Problem statement
Every line below from the one with "Center medallion detail" through the one with "an aerial shot" should be retyped exactly, both ends included; no other lines and no pictures.

Records for this exercise
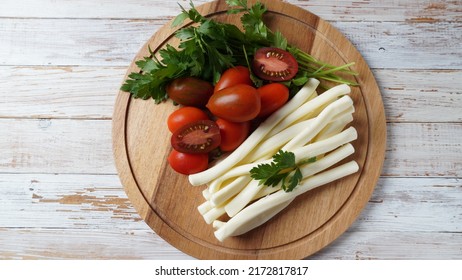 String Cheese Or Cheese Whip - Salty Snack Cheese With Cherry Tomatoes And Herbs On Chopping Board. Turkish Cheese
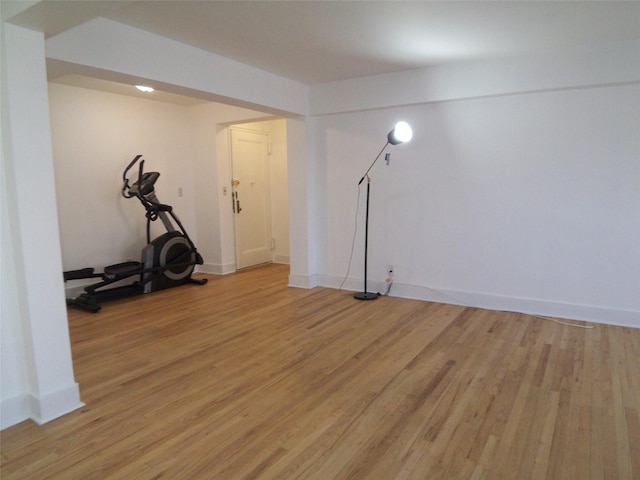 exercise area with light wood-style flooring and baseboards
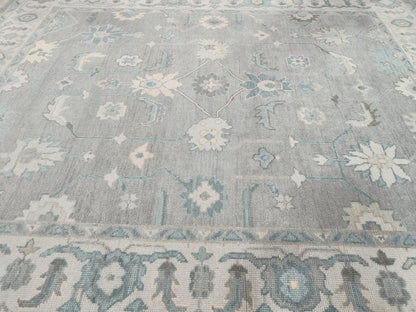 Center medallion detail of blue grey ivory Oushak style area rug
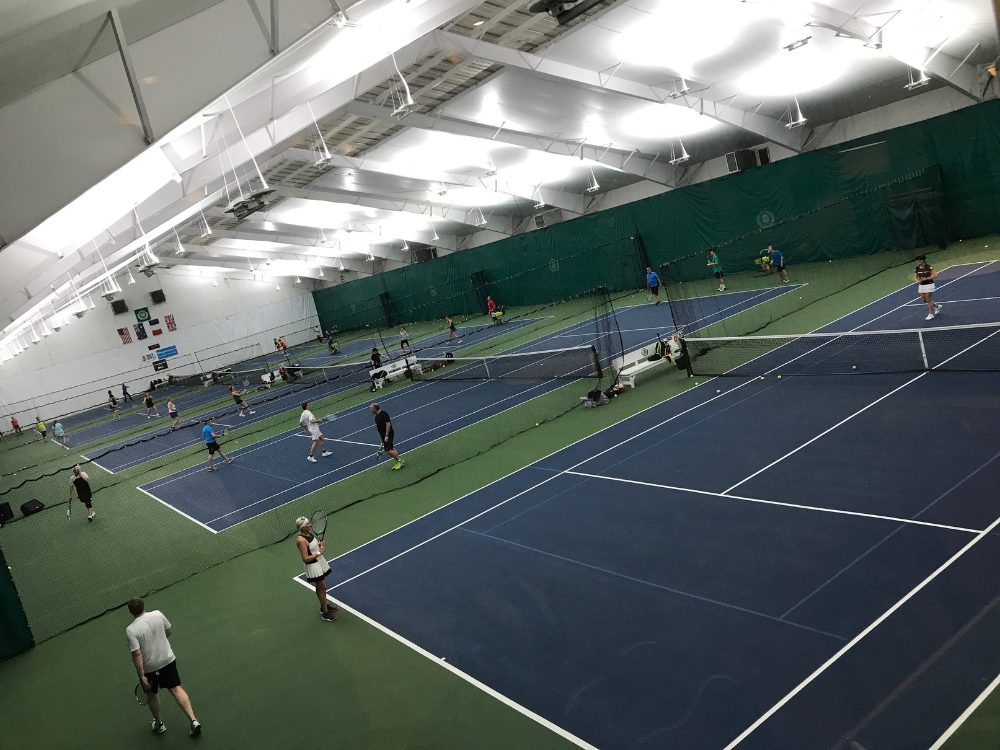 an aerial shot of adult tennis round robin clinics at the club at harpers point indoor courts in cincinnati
--
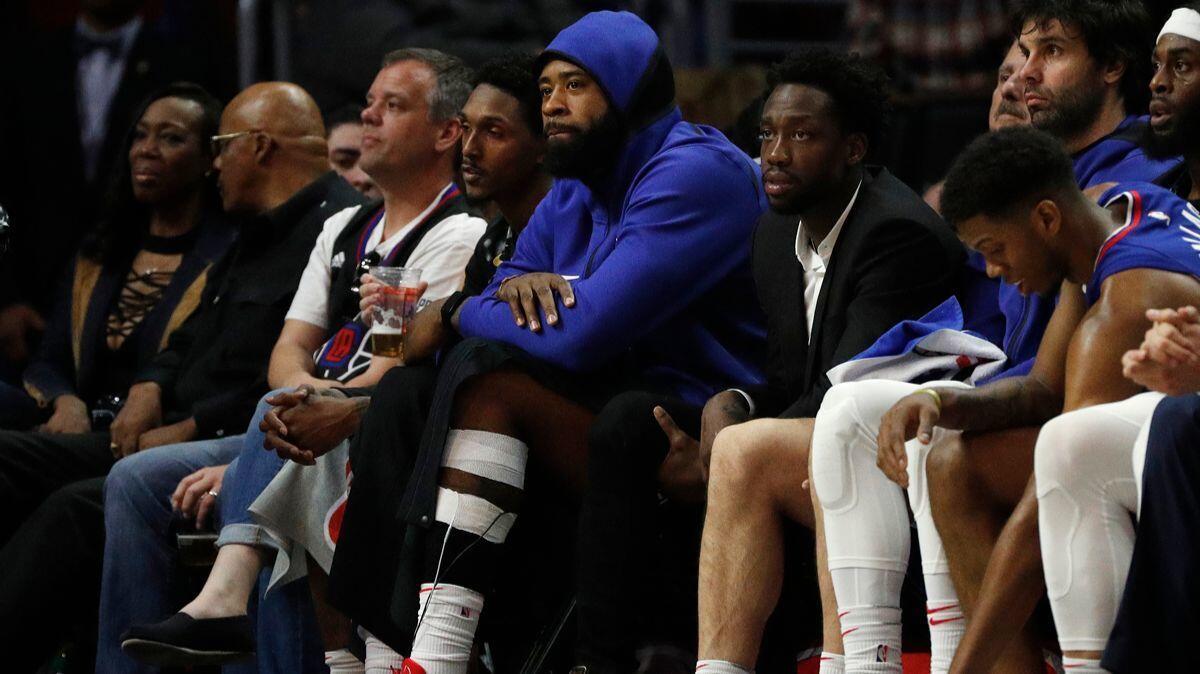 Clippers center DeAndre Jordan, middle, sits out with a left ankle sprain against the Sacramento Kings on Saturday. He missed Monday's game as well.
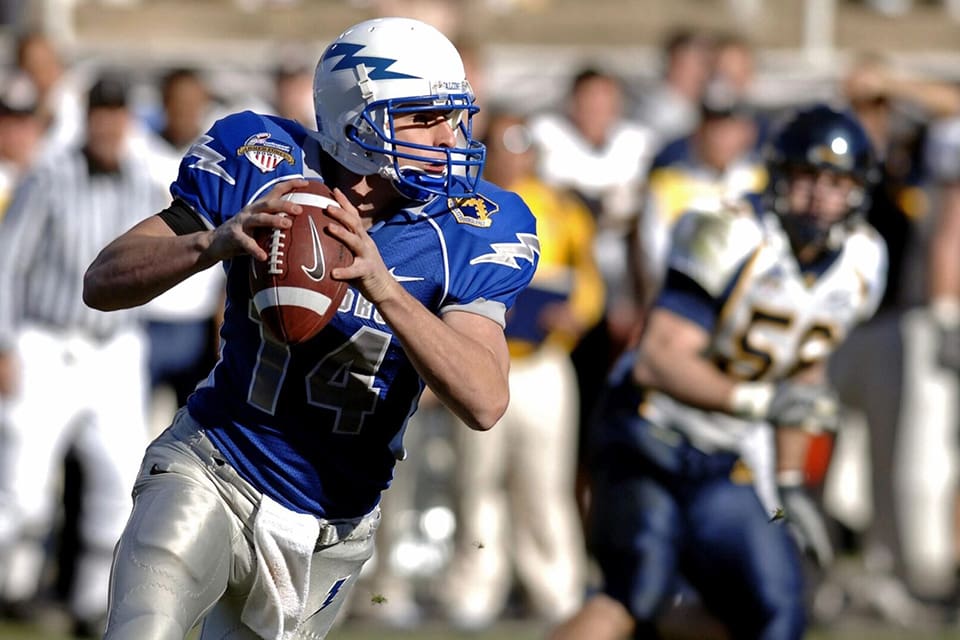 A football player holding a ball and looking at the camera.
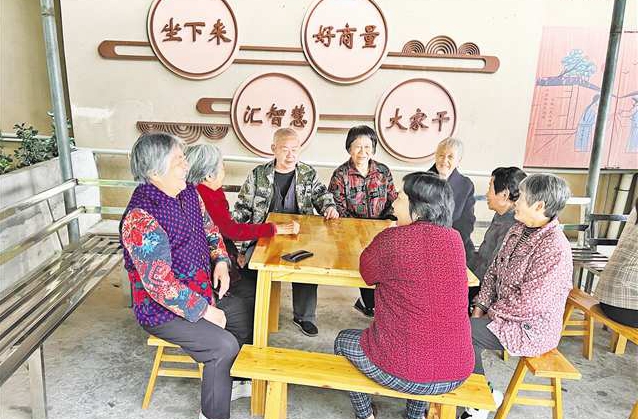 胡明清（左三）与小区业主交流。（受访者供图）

Solved problem
 Center medallion detail of blue grey ivory Oushak style area rug
 an aerial shot of adult tennis round robin clinics at the club at harpers point indoor courts in cincinnati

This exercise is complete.